## Required work:
When the listing below reaches the line that has "12.06.2026 - Holstenköstenlauf", start reproducing exactly; stop after the line that has "- Tramandaí Imagem", and drop the pictures.

## Data:
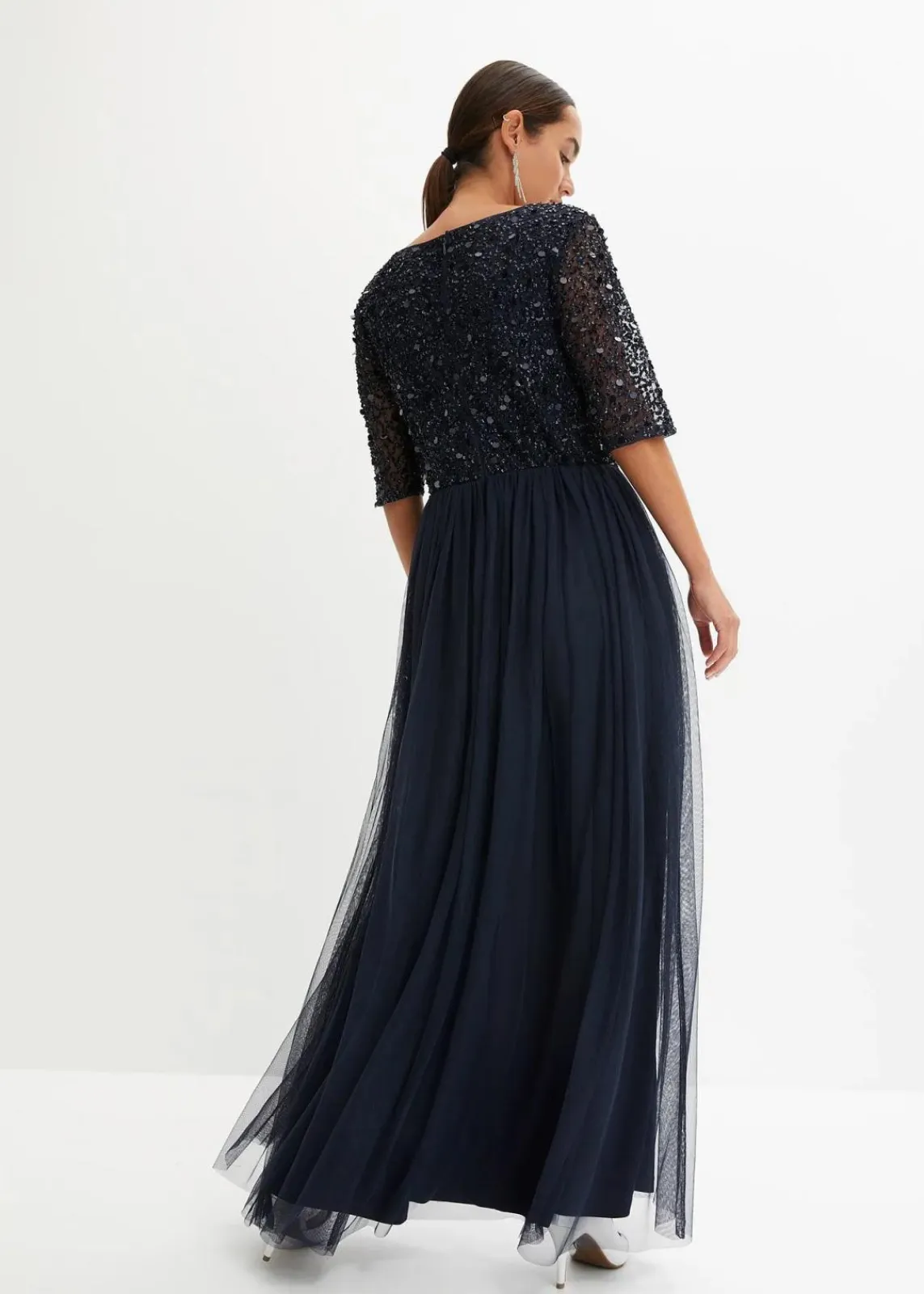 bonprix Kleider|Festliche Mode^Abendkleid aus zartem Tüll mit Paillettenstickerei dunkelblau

* * *

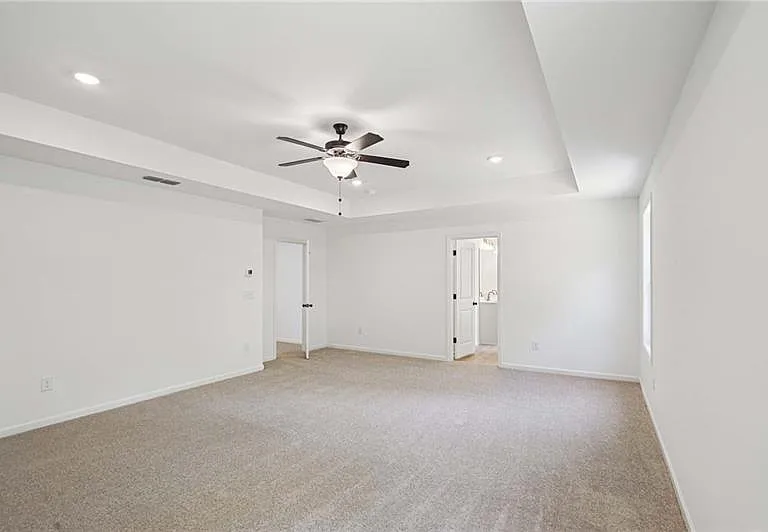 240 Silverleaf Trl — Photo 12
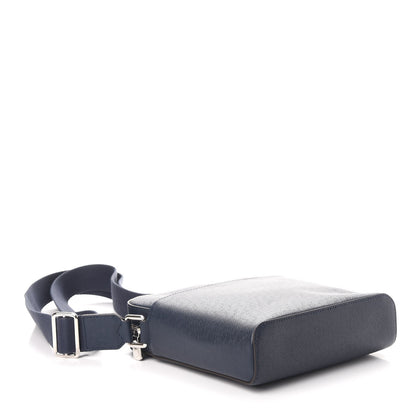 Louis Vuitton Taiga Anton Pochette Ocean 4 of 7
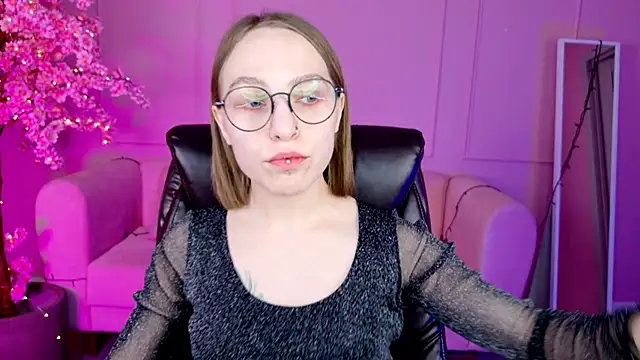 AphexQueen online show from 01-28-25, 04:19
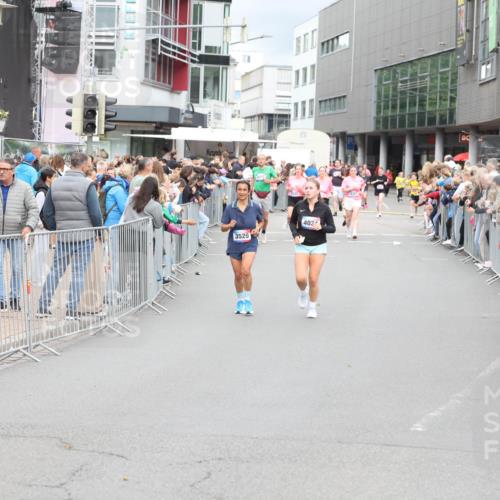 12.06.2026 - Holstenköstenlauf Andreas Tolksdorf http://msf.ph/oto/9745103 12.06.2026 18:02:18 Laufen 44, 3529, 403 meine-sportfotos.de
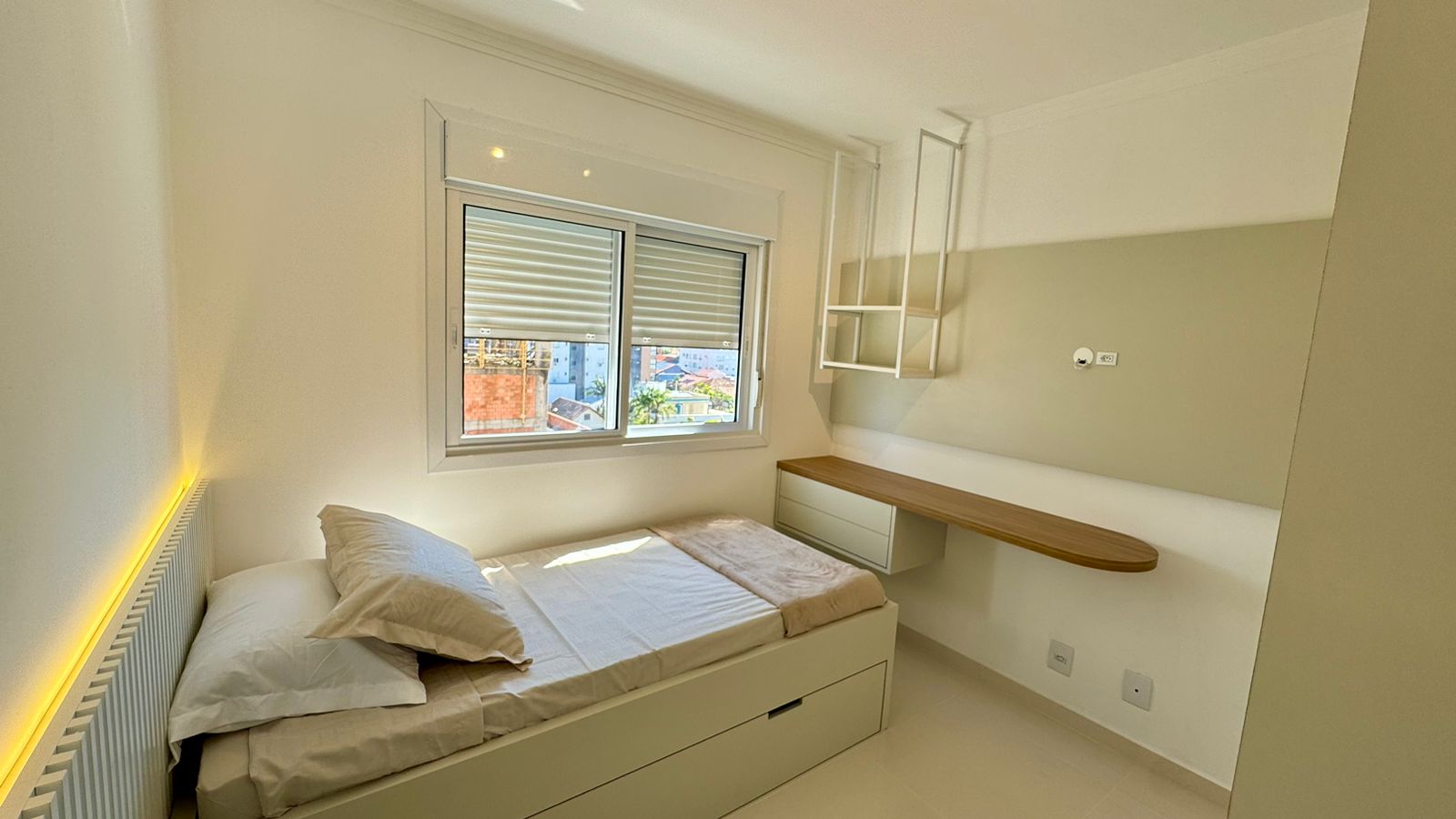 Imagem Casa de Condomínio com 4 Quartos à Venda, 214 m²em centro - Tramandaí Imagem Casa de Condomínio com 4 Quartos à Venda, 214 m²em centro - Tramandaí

...

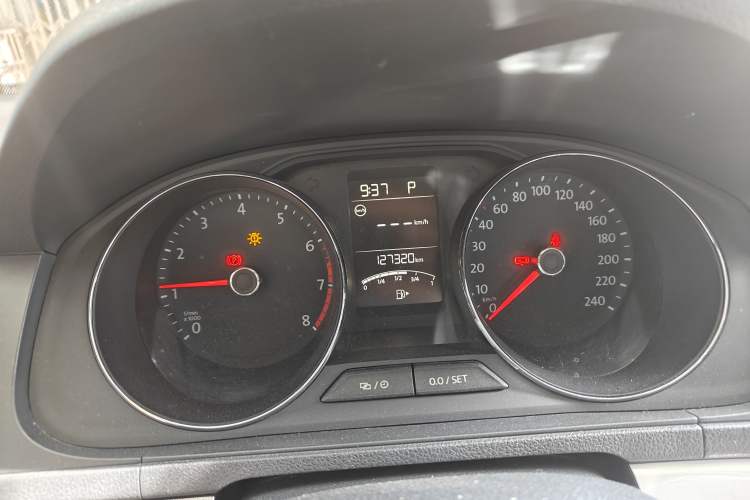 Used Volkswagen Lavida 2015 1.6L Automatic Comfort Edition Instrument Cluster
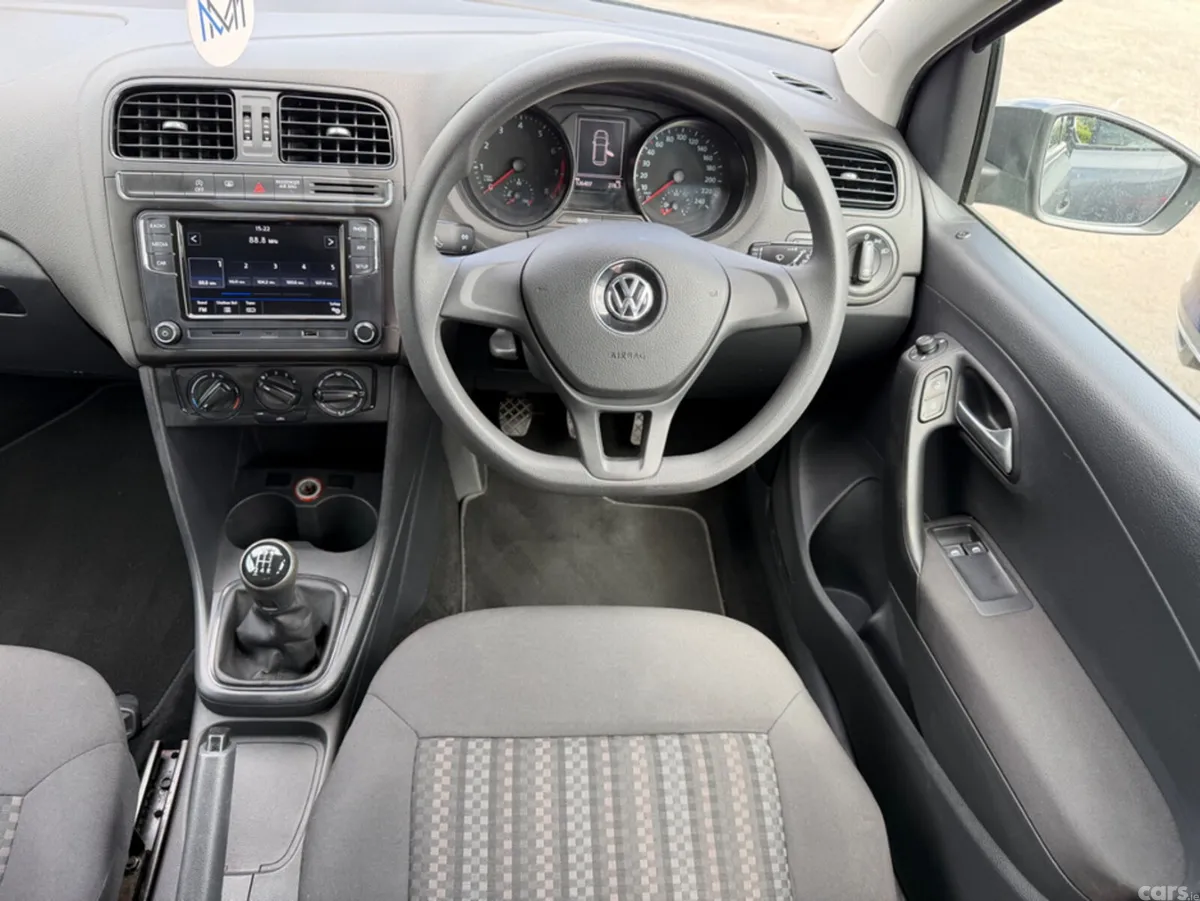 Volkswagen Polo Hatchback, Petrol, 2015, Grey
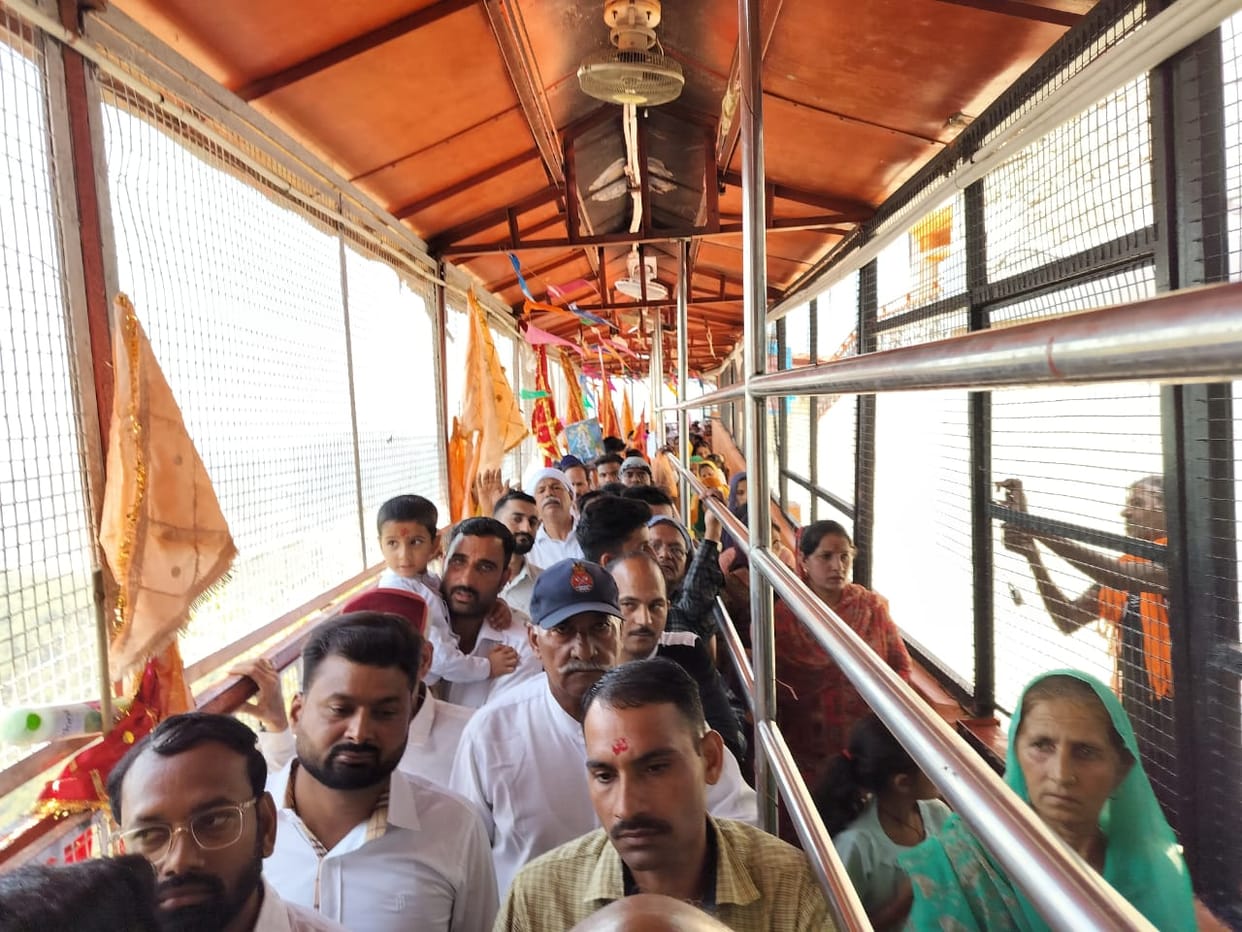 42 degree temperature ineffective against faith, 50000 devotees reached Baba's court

## Answer section:
 12.06.2026 - Holstenköstenlauf Andreas Tolksdorf http://msf.ph/oto/9745103 12.06.2026 18:02:18 Laufen 44, 3529, 403 meine-sportfotos.de
 Imagem Casa de Condomínio com 4 Quartos à Venda, 214 m²em centro - Tramandaí Imagem Casa de Condomínio com 4 Quartos à Venda, 214 m²em centro - Tramandaí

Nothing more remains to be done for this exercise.